• **Task directions**
Only one span is wanted from the lines below: from the one with "AI generated Image" up to and including the one with "Enlarge Benny, an". Copy it exactly, without images.

• **Input material**
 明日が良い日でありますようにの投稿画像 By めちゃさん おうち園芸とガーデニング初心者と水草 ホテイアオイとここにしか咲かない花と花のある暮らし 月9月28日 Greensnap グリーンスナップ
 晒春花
--
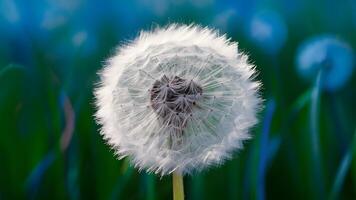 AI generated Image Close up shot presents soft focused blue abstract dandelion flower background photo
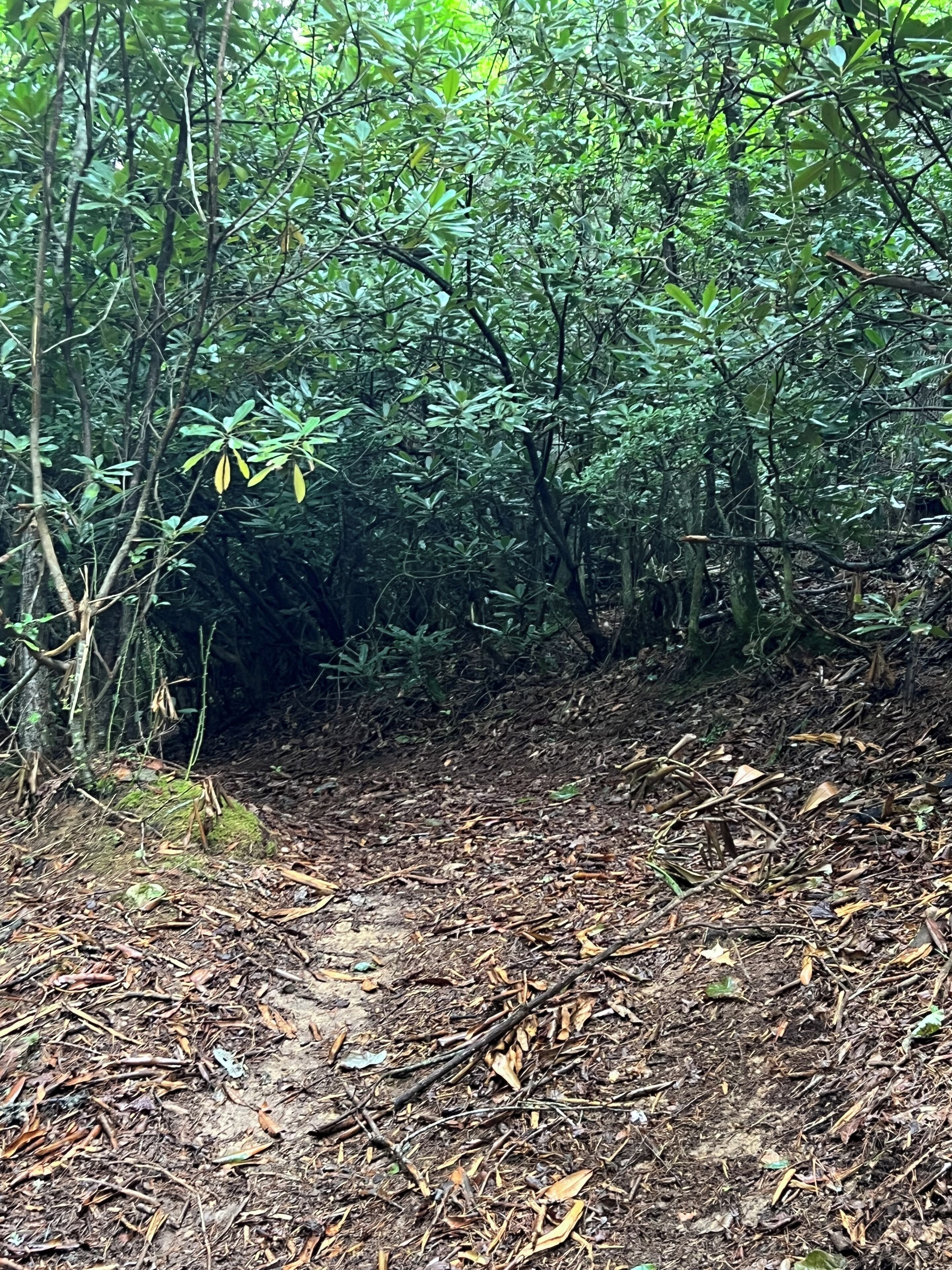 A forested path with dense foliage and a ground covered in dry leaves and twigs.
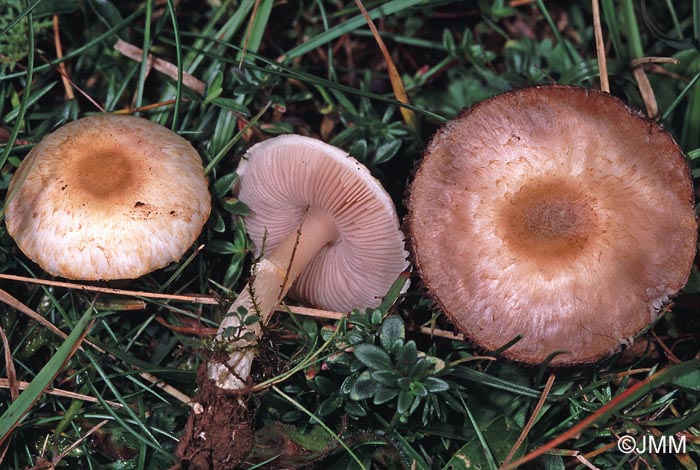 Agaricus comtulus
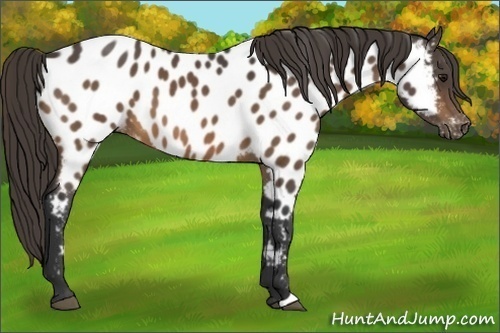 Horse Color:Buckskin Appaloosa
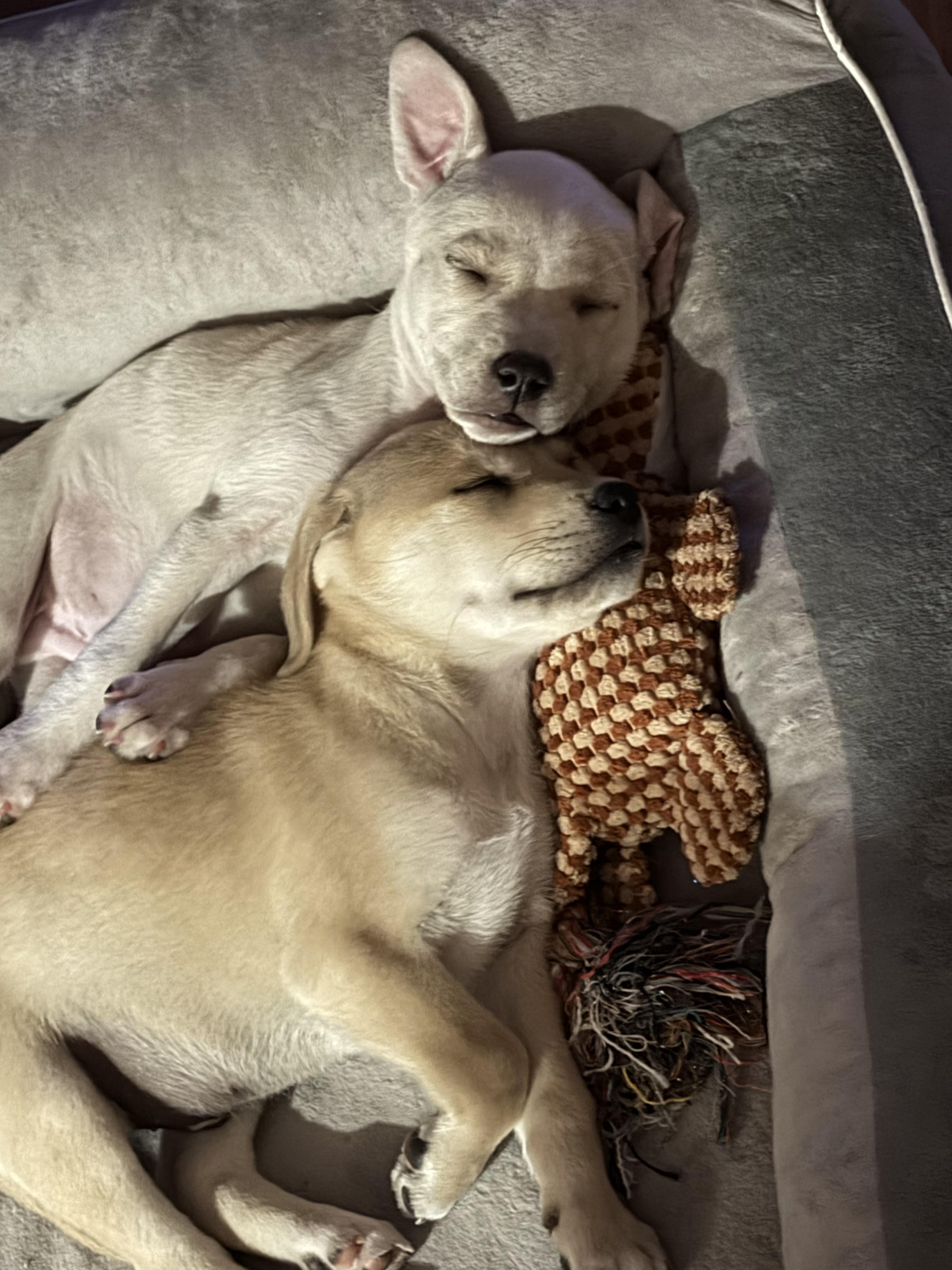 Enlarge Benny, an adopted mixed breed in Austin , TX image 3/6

• **Problem solution**
 AI generated Image Close up shot presents soft focused blue abstract dandelion flower background photo
 A forested path with dense foliage and a ground covered in dry leaves and twigs.
 Agaricus comtulus
 Horse Color:Buckskin Appaloosa
 Enlarge Benny, an adopted mixed breed in Austin , TX image 3/6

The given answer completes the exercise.